The lockdown continues in Sydney and lockdowns are rolling into other places, with the ACT being the latest region to be affected.
Plenty of businesses, large and small, are experiencing significant impacts. But they may also be ideas as reopening options once the country gets through this difficult time.
He pointed out some high-quality, large ASX shares that look good value and could benefit as borders reopen.
Mr Featherstone revealed these three ideas as ones to consider:
Qantas Airways Limited (ASX: QAN)
He noted that Qantas is suffering from the domestic borders closing as well as international borders remaining shut.
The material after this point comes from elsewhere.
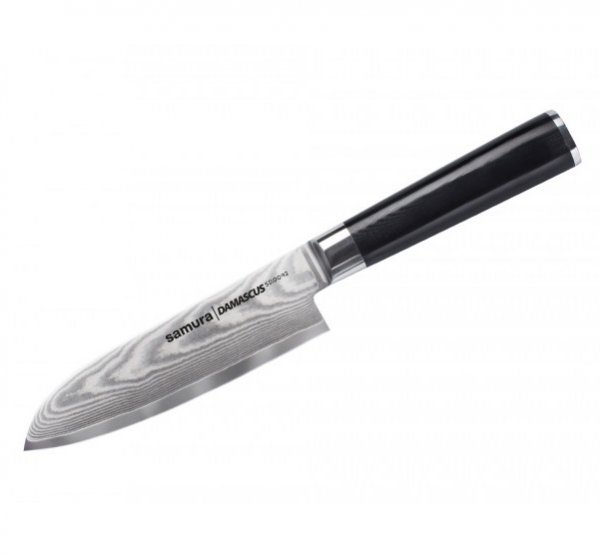 Ніж кухонний Samura DAMASCUS SD-0092 Сантоку, 150мм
Qantas could be interesting if domestic borders are completely open by the end of FY22 and international borders start to open.
He thinks demand for Qantas air tickets will go back to full capacity once the public are confident to book travel.
The ASX share could also emerge from this period with a lower cost base, however, Mr Featherstone acknowledged that Qantas isn’t a screaming buy.
Star Entertainment Group Ltd (ASX: SGR)
The casino operator was another stock idea. With The Star in Sydney in lockdown, the business is being heavily impacted. Since the start of June 2021 the Star share price has fallen 17%.
Mr Featherstone acknowledged the potential threat from a second Sydney casino.
However, the fact that overseas casinos are doing better than expected after the end of restrictions could be a good sign for later in the year.
In his opinion, Mr Featherstone believes that The Star is well positioned for the rebound because its main asset is locked down in Sydney. Over the longer-term, the development in Brisbane could also be a good addition.
Flight Centre Travel Group Ltd (ASX: FLT)
Flight Centre is the third ASX share that was picked as a reopening idea.
It was noted that Flight Centre is facing more than one difficulty. There’s the COVID-19 impacts on travel bookings, but there is also the long-term change of bookings from bricks and mortar places to online booking.
The detractors of Flight Centre, Mr Featherstone points out, say that travel agent commissions are under pressure as people go directly suppliers (like Qantas), and the business also has large rent and wage costs.
However, a positive factor for the ASX share is that Flight Centre generates around half of its total transaction value (TTV) outside of Australia and New Zealand, where vaccination rates are higher and likely to get back to normal quicker.
Another factor is that Flight Centre sees a pleasing amount of TTV come from corporate travel, which is less affected by COVID-19 too.
Whilst he acknowledged that it could take years for full demand to return, Mr Featherstone believes that picking Flight Centre whilst it’s down could be an opportunistic strategy.
Should you invest $1,000 in Qantas right now?
Before you consider Qantas, you’ll want to hear this.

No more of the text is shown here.